We saw a preview of Juno tonight. It opens in Australia on 17 January 2008. Go see it, it’s the best film of the year. It’s as good as Little Miss Sunshine, American Beauty, Election, The Breakfast Club – I can go on.
It captures a voice of youth and the way you felt if you were ever a freaky little teenager. Juno reflects that youth is for the young but dealing with issues beyond our maturity is a life-long lesson.
Juno is a sixteen year old high school junior who falls pregnant after a one night fling with her best friend Bleek. She finds adoptive parents for the baby and the story develops around this smart-alec, punk, clever, cute, insightful mother-to-be as she deals with: her feelings for Bleek, her other best friend Leah, her parents, the adoptive parents, pregnancy and school. Any more and I’d have to give spoilers.
I love this film. We’ll be watching it again with our 14 year old daughter, although she won’t think I’m cool enough and the teen pregnancy will freak her out.
We saw a preview of 27 Dresses thanks to 20th Century Fox and Metro Magazine – since 1968 Australia’s oldest, continuously published film and media magazine.
I’ve managed to somehow overwrite the original review – how frustrating.
I like a good romantic comedy. Most of my more blokey friends think I’m a bit suspect. However I’ve found 2 things to be self evident:
Chicks like rom-coms and chick flicks – this makes them great date movies with significant fringe benefits, and
after watching a chick flick most self-respecting women will happily endorse you excursion to the pictures with your mates to see the latest addition to the Alien franchise.

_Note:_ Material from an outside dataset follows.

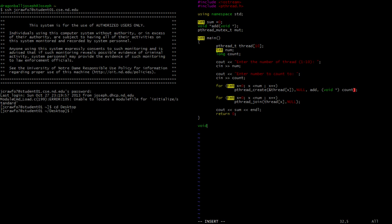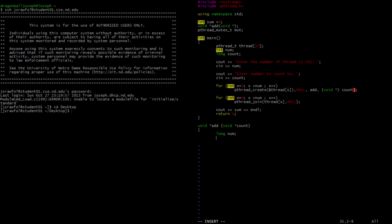Now we're going to declare the void function that our threads are going to use — the function 'add'. We're going to pass the parameter void* count. I named it count just so you know that this count and the earlier count are basically the same thing — the value passed here is being passed down to the parameter in this function. Since we're passing it as a void pointer, we want to convert it back to a long. So we create a variable num and cast the void pointer as a long data type.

27 Dresses is a solid 3 star addition to the wedding film sub-genre of the romantic comedy. It isn’t as good as the Wedding Singer or even My Best Friends Wedding but it’s fun, clever, entertaining and natural.
From the trailer Jane has been a bridesmaid 27 times and is looking forward to one day being the bride. Secretly in love with her boss, George, Jane is both the perfect bridesmaid and the perfect executive assistant. Organised, in-control, resourceful, sensitive and competent, she can take care of any crisis but can’t pursue her own happiness. George is handsome, sincere, loveable and clueless. Jane’s insensitive sister Tess whisks in from Milan, meets George and Jane must organise her sister’s perfect marriage to her boss. Kevin is a journalist whose cynical view of the marriage industry is at odds with his gift to write about weddings in a way swoons brides, to-be’s and wanna-be’s.
The relationships and plot development are mostly natural and relaxed, flowing while setting up engaging gags. I have two complaints. Firstly the easy plot choices made for Tess, I’d love to see what would have emerged had the more mature Tess from the end of the film been there all along. It’s hard to write characters who are flawed but good.
Secondly, I hated the way Jane broke out of her people pleasing pattern. Again I think it was the easy or lazy story choice but they missed greatness by not reaching for it. All rom-coms need the all-is-lost moment and it is extremely hard to write. That’s what makes them worth doing.
Still a good effort with hilarious moments not in the trailer. A great date movie that will let guys get more action than Alien vs Predator: Requiem. Go see that with your mates afterwards.